I am learning about Taylor series to calculate the truncation error of numerical methods.
My problem is the following:
I want to use the Taylor series for $$ f(t,y(t)) = f(t+\frac{h}{2}, y(t)+f\cdot \frac{h}{2}).$$ For the first order I get $\tau = f + \frac{h}{2}f_{,t}+\frac{h}{2}f_{,y}f+\mathrm{O} (h^{2})$
My problem is the 2nd order. Calculating Taylor for $\frac{d^2}{dt^2} f(t,y(t))$ gives me $ f_{,tt} \cdot \frac{h^2}{8}$.
For calulating the Taylor for $\frac{d^2}{dy^2} f(t,y(t))$ I would use the chain rule and the product rule with $u = f_{,y} , u' = f_{,yy}\cdot f, v = f, v' = f_{,y}$. This leads me to $\frac{d^2}{dy^2} f(t,y(t)) = f_{,yy}\cdot f^2 + f_{,y}^2\cdot f $.

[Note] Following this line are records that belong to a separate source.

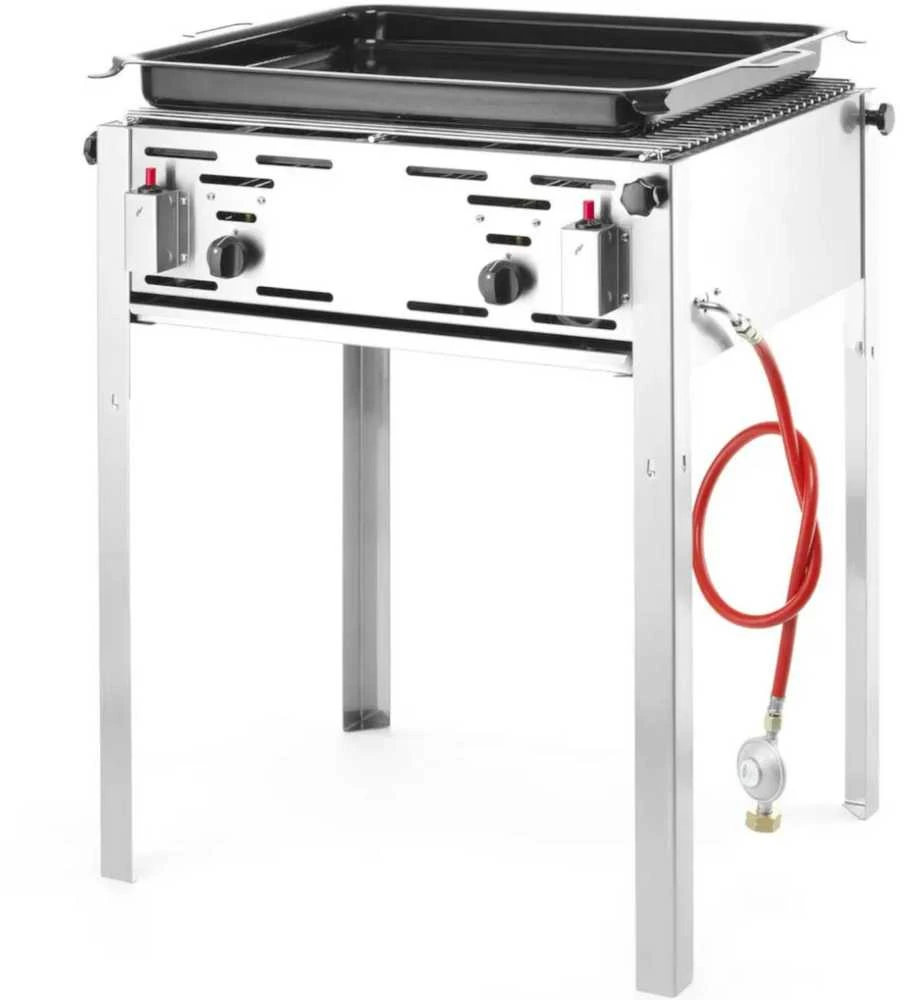 Dujinis grilis su keptuve Grilis Master Maxi 590x480mm 11,6kW - Hendi 154717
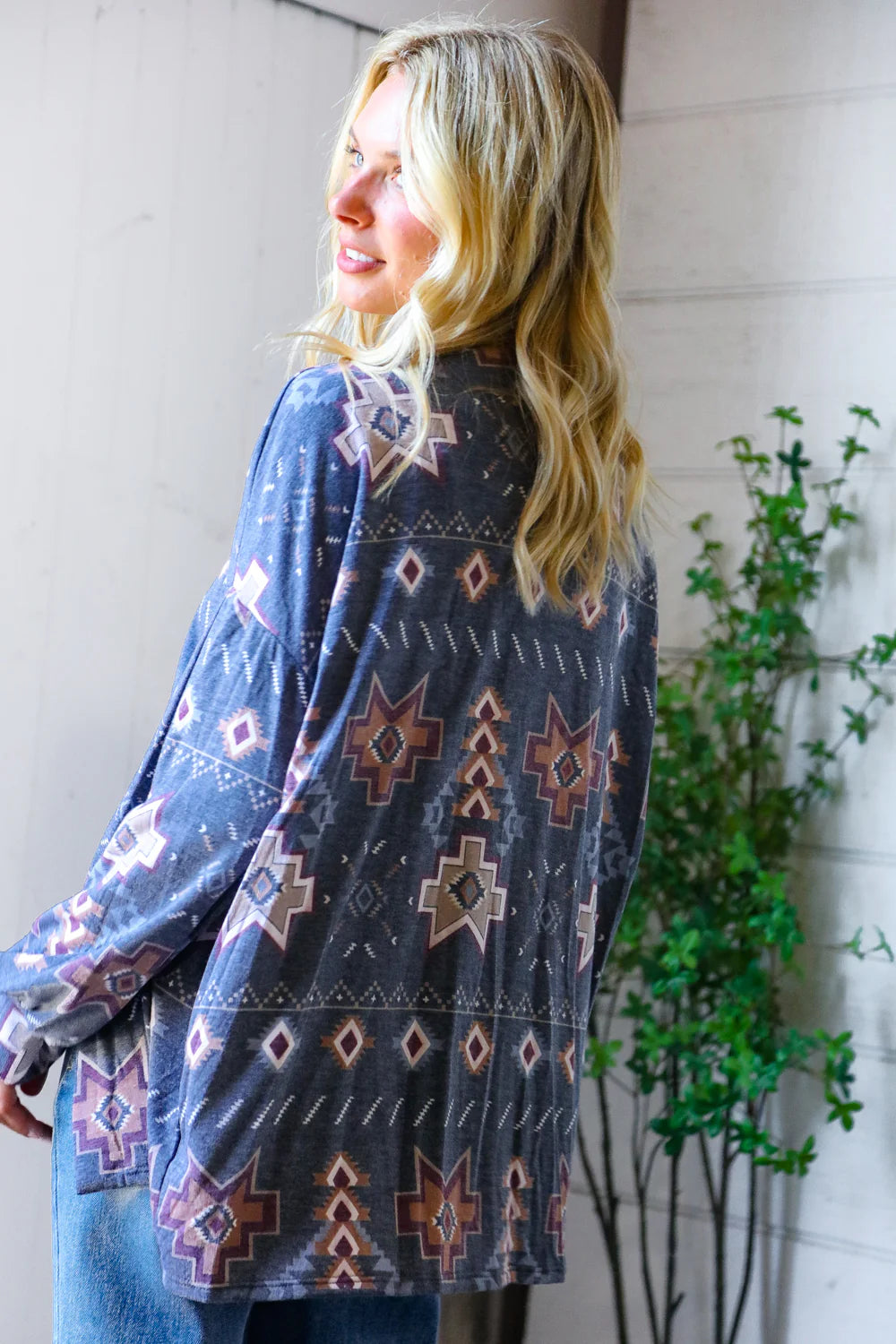 Ethnic Print Open Cardigan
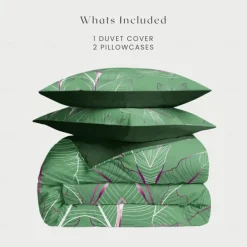 Palm Leaf Duvet Cover Full Size Bedding Set Bed Sets Quilt Cover Soft Lightweight Comforter Cover with 2 Pillowcases for Summer Spring Tropical Plants Hawaii Pink Blue Mint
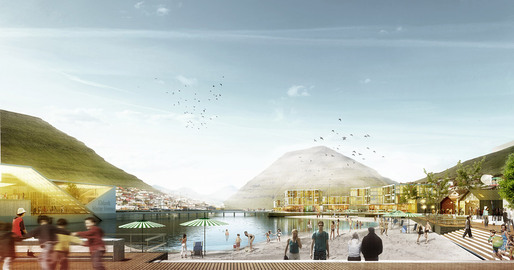 Rendering of the competition-winning design for Klaksvík City Center by Henning Larsen Architects (Image: Henning Larsen Architects)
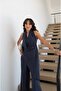 Navy Blue Halter Neck Jumpsuit with Shawl Detail - 2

BUT: That is not correct, the solutions says it's $\frac{d^2}{dy^2} f(t,y(t)) = f_{,yy}\cdot f^2$. Why is the second part missing? Do I miscalculate? Thanks in advance!
Your result would be correct, after some massive corrections of the notation, for calculating $y'''$. But you are calculating the Taylor series $$ f(t+a, y+b)=f(t,y)+f_{,t}a+f_{,y}b+\frac12f_{,tt}a^2+f_{,ty}ab+\frac12f_{,yy}b^2+... $$
In $f(t,y(t))$, $y$ is a dependent variable. Thus it makes no sense to want to compute the total derivative $\frac{d}{dy}$. You can compute the partial derivative for the second position, that is then $\frac{\partial^2}{\partial y^2}f=f_{,yy}$, without any additional factors.